So the Right has spoken: "Gun control is not only not the answer, it's the anti-answer - more guns at school!" Gun Owners of America spokesman on NPR yesterday: "If students or teachers were allowed to carry weapons on school campuses, the tragedy at Virginia Tech could have ended much sooner."
So, I'm a cop, trying to make my way into the school, and the only report I've had so far is that there is a person with a handgun, walking around campus, shooting people. I see someone with a handgun. I shout, "POLICE! FREEZE!" That person turns to look at me, and I fire. They had a gun. They just weren't the shooter. The killings continue, and I've just shot an innocent bystander.
My other favorite scenario: I'm the only student in a particular classroom with a gun, I walk out into the hallway to see if I can at least clip the shooter, slow him/her down. There are four other students in the hallway, all packing guns. Which one do I shoot? Why wouldn't one of them shoot me? And of course, I won't hesitate, as I'm a fully trained firearms expert, not just a kid with a pistol...
Another brilliant concept: "Where were the heroes? Couldn't someone have tackled this guy early on and stopped him?" Of course, I'm sure the writers of these little screeds would be right up there, launching themselves on a guy carrying two semi-auto pistols with different reloading periods. Or would they. like the other prudent folks in that college, be barricading themselves behind a door, cowering under desks, playing dead, anything not to get shot.

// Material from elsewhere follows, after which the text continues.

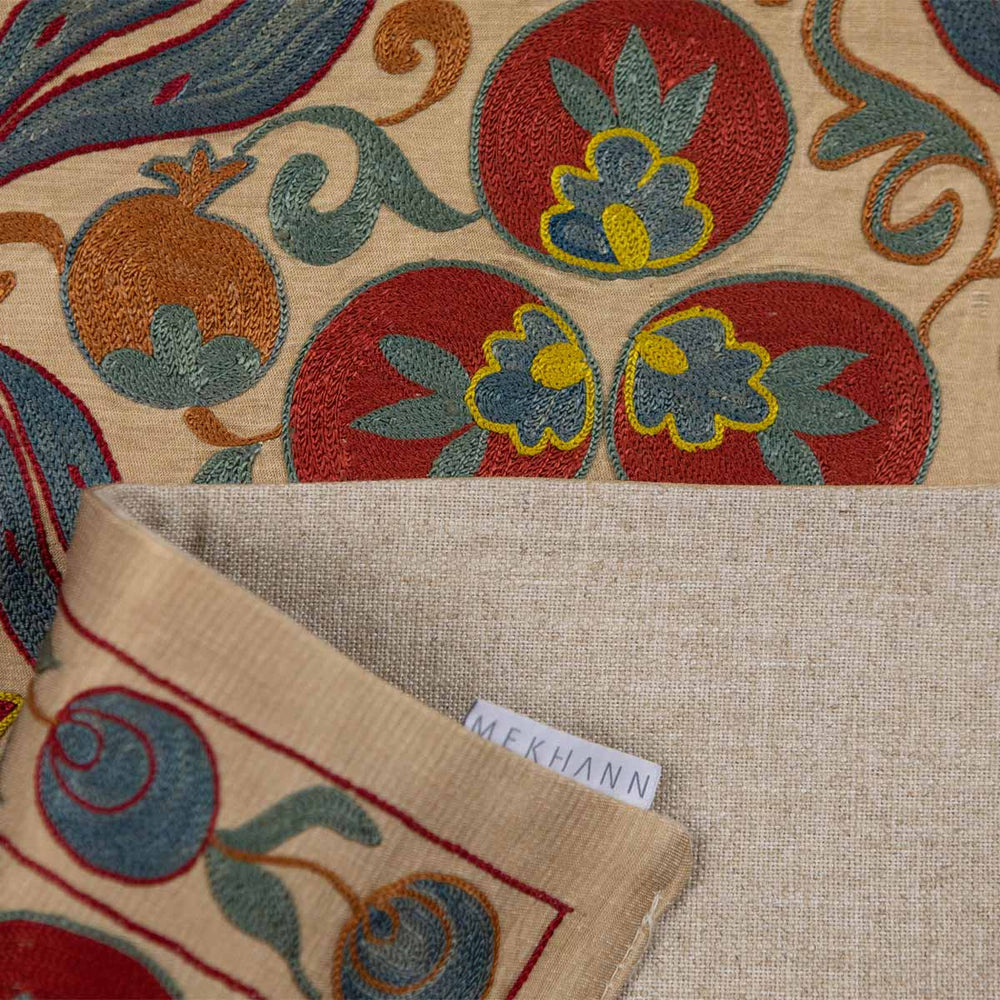 Folded view of Mekhann's multicoloured cintamani runner, with the back lining in full display in a beige colour with the Mekhann label on display.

One topic covered by many but misunderstood by most, was that the shooter was using one fairly lethal gun and one less lethal, i.e. the 9mm Glock was somehow more deadly than the .22 caliber Walther. As any forensic pathologist will tell you, yes, the big bullet makes a larger hole, but the little bullet will often take the scenic route, coming in at, say, your hip, and possibly exiting somewhere near your shoulder, bouncing off every bone in between. In most cases, the cops are at least as afraid of a 22, because while a vest will definitely stop a straight shot from a 9mm pistol, a 22 can sneak in under the waistband and still manage to hit your heart.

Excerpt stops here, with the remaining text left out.